Segui o meu próprio conselho durante tantos anos e vê onde isso me levou. Isso
acabou.
O melhor argumento que já ouvi para sermos modestos, senão
mesmo silenciosos, no que respeita a dar conselhos.
(154)
Sexo triste é sempre de longe pior do que bom sexo, mau
sexo, sexo solitário e sexo nenhum. Sexo triste é de todos o mais triste.
(194)
Por exemplo, achava que provavelmente não voltaria a ter
sexo antes de morrer. Provavelmente. Possivelmente. A menos que. Bem vistas as
coisas, achava que não. O sexo envolvia duas pessoas. Duas, primeira pessoa e
segunda pessoa: tu e eu, para ti e para mim. Mas, hoje em dia, o ruído da
primeira pessoa dentro dele estava silenciado. (…)

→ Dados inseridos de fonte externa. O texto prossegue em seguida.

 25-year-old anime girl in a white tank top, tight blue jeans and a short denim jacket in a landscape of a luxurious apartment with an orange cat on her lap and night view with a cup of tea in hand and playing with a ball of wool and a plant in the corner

A mim, é o ruído ensurdecedor da parte que tem medo dos
outros, que muitas vezes quase não deixa nem sequer ouvir a voz da segunda pessoa, quanto mais
vê-la.
(235)
As coisas, uma vez acabadas, não se podem trazer de volta:
agora sabia-o. Um murro, uma vez dado, não pode ser retirado. As palavras, uma
vez ditas, não podem desdizer-se. Podemos continuar como se nada se tivesse
perdido, ou feito, ou dito; podemos declarar que tudo esquecemos; mas o nosso
íntimo mais íntimo não esquece, porque nos transformámos para sempre.